Now we want to create a so called edge list for a mention network. This means one column contains the accounts mentioning other accounts and the other column contains the accounts being mentioned.

In [102]:
# filter the dataset to possibly relevant columns
mentions = df[["user_screen_name", "to_username", "text", "mentioned_names"]]
mentions.head()

Unnamed: 0,user_screen_name,to_username,text,mentioned_names
0,RabiaSalem02,,U.S. Faces Timeline Issues Over Delivery Of Ab...,
1,SantanuB01,,"How is #USA a superpower, while others are not...",
2,RabiaSalem02,,U.S. Faces Timeline Issues Over Delivery Of Ab...,
3,yusr35144430,,Brutal Attack !! Ukraine Sends dozen Bayraktar...,
4,DEFENSEEXPRESS,,Germany and Finland Deliver Engineering Tanks ...,


In [103]:
# inspect rows where the to_username is not null
mentions[mentions["to_username"].notnull()].head()
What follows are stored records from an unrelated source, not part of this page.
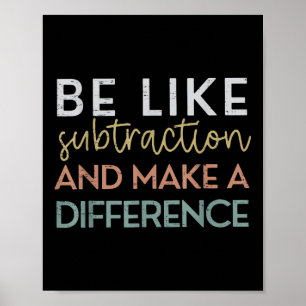 Var som subtraktion och gör skillnad Rolig Ma Poster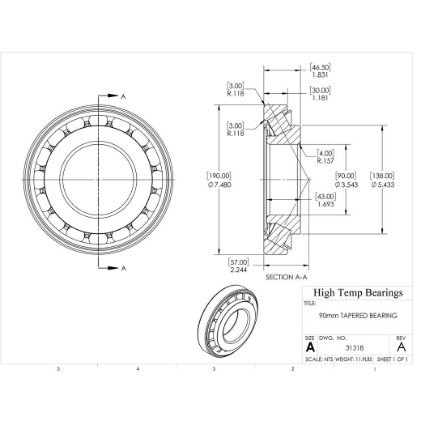 Picture of 90mm Tapered Bearing 31318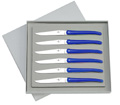 Coffret cadeau de 6 couteaux Forge de Laguiole manche BLEU fluo designer : Studio Design W. du cabinet Wilmotte et Associ�s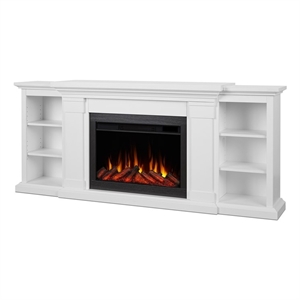 real flame winterset solid wood slim media electric fireplace in white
Unnamed: 0,user_screen_name,to_username,text,mentioned_names
7,Skeiron6,20mmMG151,@20mmMG151 @oryxspioenkop The German governmen...,20mmmg151|oryxspioenkop
12,RubyTuesday828,kukashnjudster,@kukashnjudster @Tendar Did Germany finally de...,kukashnjudster|tendar
13,bernielomax,bernielomax,"@kadams190 Also, if you didn't notice. The who...",kadams190
14,TyIertheGiant,chris_pyak,@chris_pyak @MarkHertling @McFaul @general_ben...,chris_pyak|general_ben|markhertling|mcfaul|pmb...
15,tomfinnautor,Koti_Wernyhora,@Koti_Wernyhora @MarinaTrusch @Dan17875040 @Ge...,dan17875040|georgef31318968|koti_wernyhora|kul...


In [104]:
# inspect rows where the mentioned_names is not null
mentions[mentions["mentioned_names"].notnull()].head()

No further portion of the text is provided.